- **PROBLEM TO SOLVE**:
All of the data should be reproduced word for word, though its pictures must be omitted.

- **PROVIDED RECORDS**:
★ ★ ★ ★

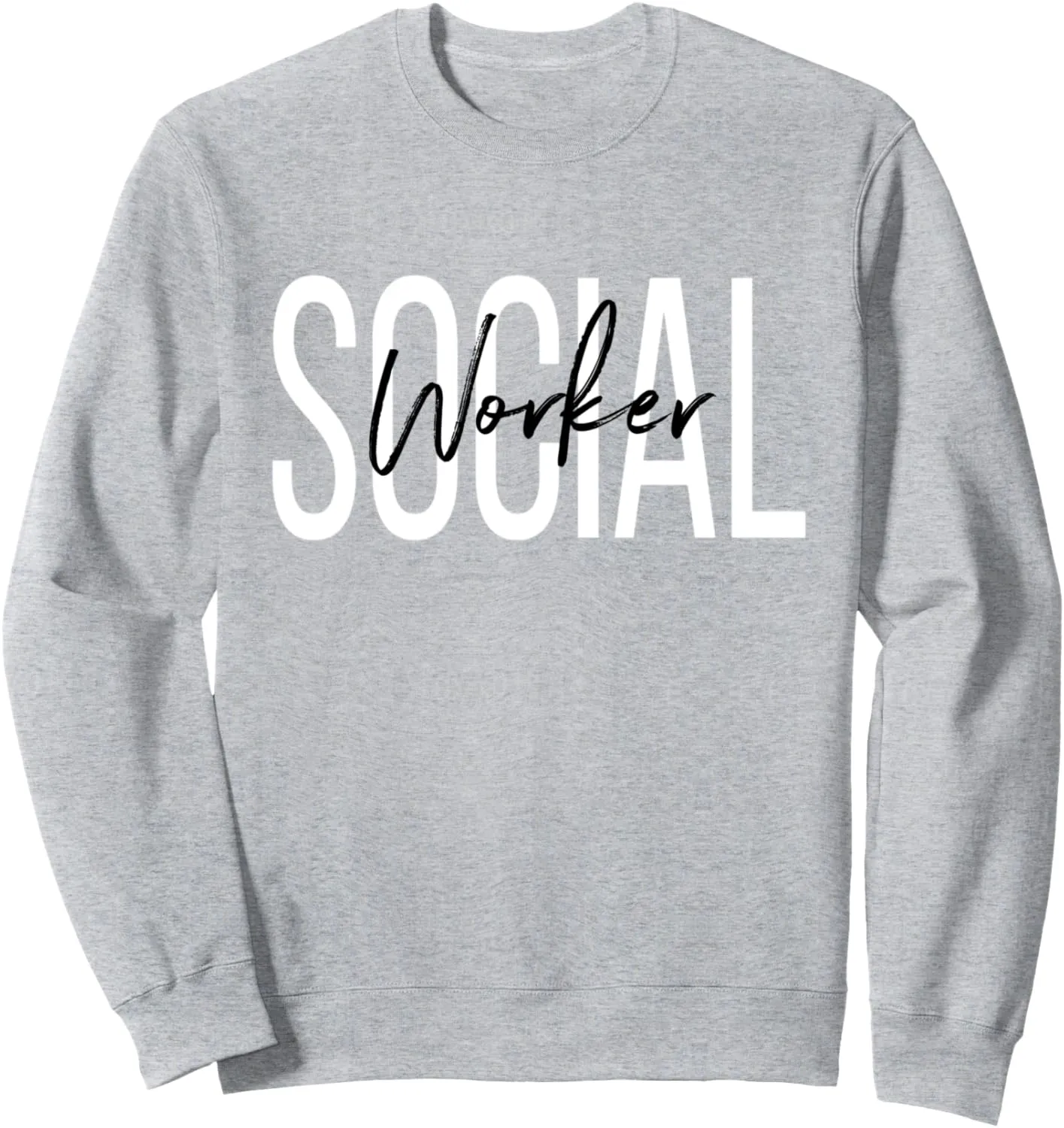 Social Worker MSW Sweatshirt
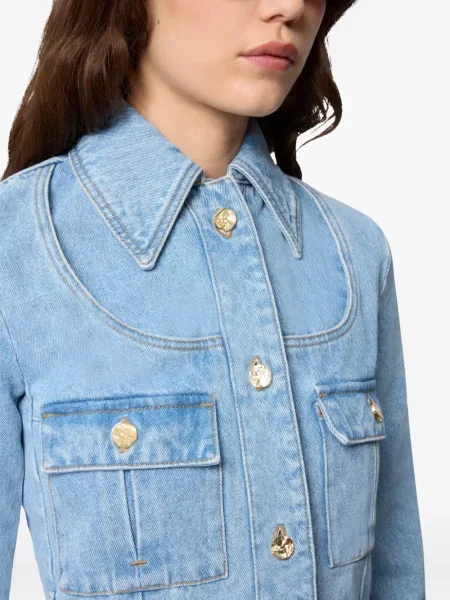 Geacă Nina Ricci albastru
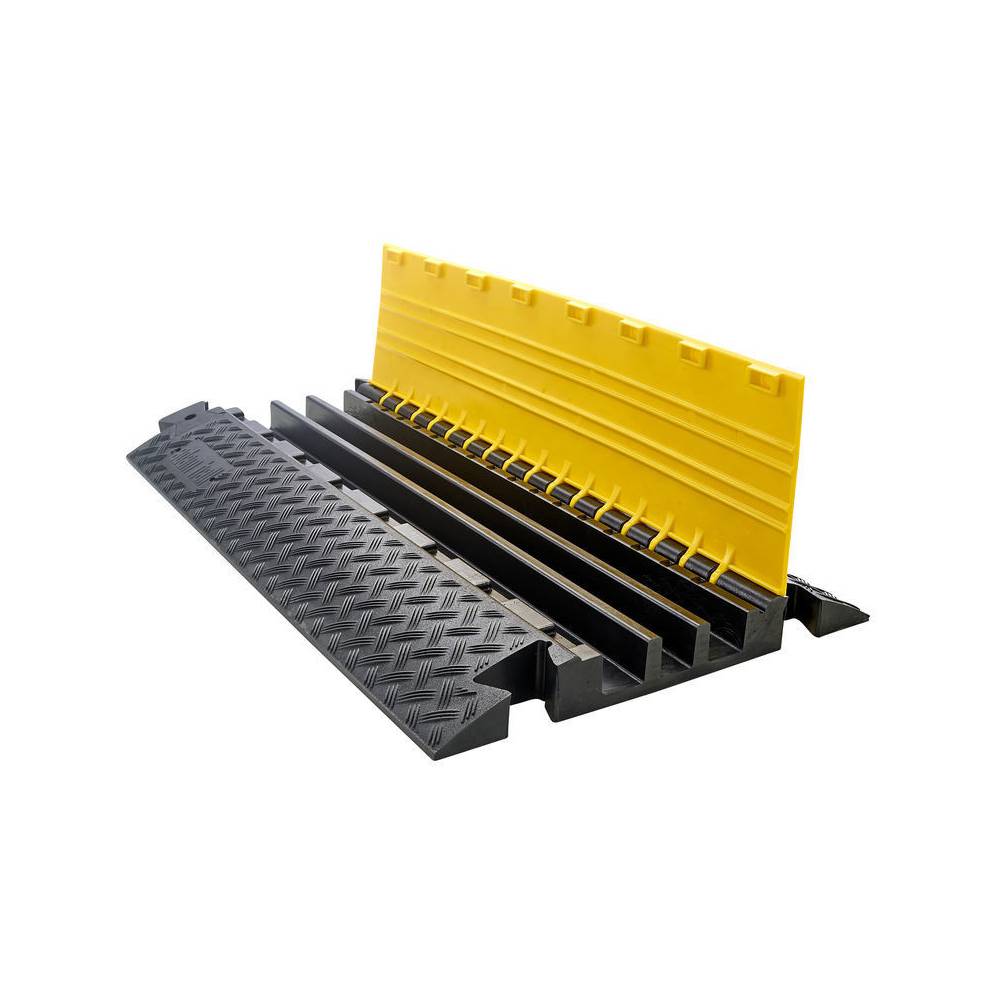 Defender III kabelbrug geel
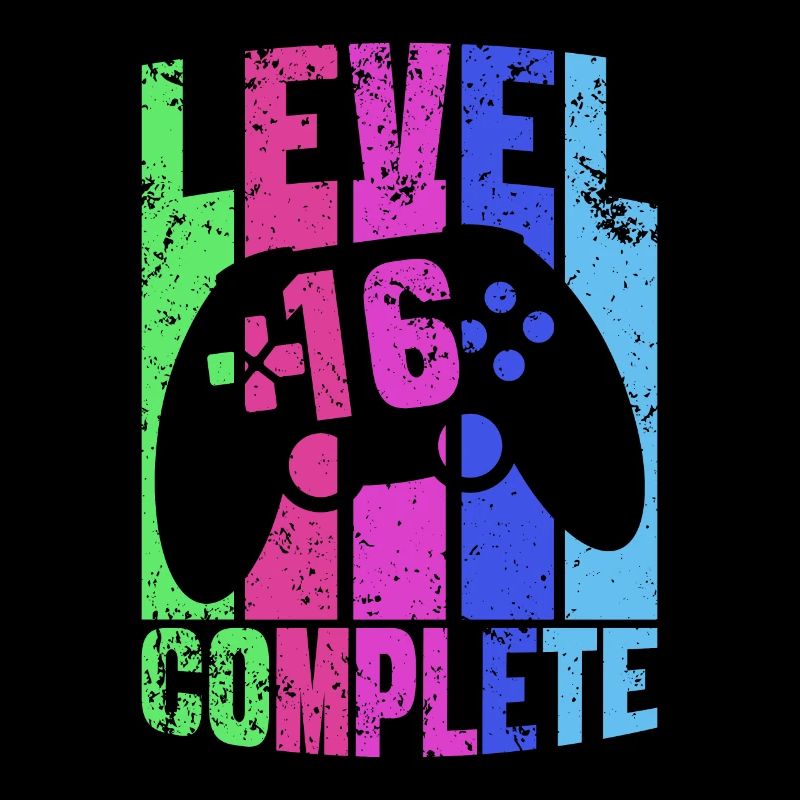 Geschenk 16. Geburtstag Zocker Game Gaming Gamer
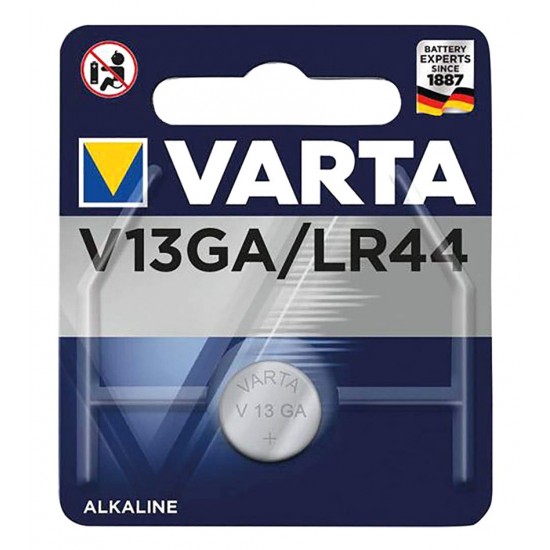 Varta Professional V13GA LR44 1.5V (1τμχ) (4008496297641)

★ ★ ★ ★

- **REPLY TO THE TASK**:
 Social Worker MSW Sweatshirt
 Geacă Nina Ricci albastru
 Defender III kabelbrug geel
 Geschenk 16. Geburtstag Zocker Game Gaming Gamer
 Varta Professional V13GA LR44 1.5V (1τμχ) (4008496297641)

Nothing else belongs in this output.